Directions for this task –
From the records below, extract only the lines running from the line with "Toshi Organic Earmuff" to the line with "Item preview, Serbia", both lines included, reproducing them exactly.

Provided information –
BEGIN

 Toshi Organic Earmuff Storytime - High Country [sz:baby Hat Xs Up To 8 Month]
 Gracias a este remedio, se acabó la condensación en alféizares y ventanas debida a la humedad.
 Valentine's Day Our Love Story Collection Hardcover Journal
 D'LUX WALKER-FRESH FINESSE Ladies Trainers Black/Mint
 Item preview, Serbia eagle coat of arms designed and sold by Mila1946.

END
BEGIN

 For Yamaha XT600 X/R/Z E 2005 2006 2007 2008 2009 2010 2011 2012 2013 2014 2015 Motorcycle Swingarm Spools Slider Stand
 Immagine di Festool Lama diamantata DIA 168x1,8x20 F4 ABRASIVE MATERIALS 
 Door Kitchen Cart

END
BEGIN

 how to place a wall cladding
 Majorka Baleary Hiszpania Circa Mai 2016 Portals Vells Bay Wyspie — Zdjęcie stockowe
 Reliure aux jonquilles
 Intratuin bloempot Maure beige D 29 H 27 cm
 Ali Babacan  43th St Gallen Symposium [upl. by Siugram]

END

Written answer –
 Toshi Organic Earmuff Storytime - High Country [sz:baby Hat Xs Up To 8 Month]
 Gracias a este remedio, se acabó la condensación en alféizares y ventanas debida a la humedad.
 Valentine's Day Our Love Story Collection Hardcover Journal
 D'LUX WALKER-FRESH FINESSE Ladies Trainers Black/Mint
 Item preview, Serbia eagle coat of arms designed and sold by Mila1946.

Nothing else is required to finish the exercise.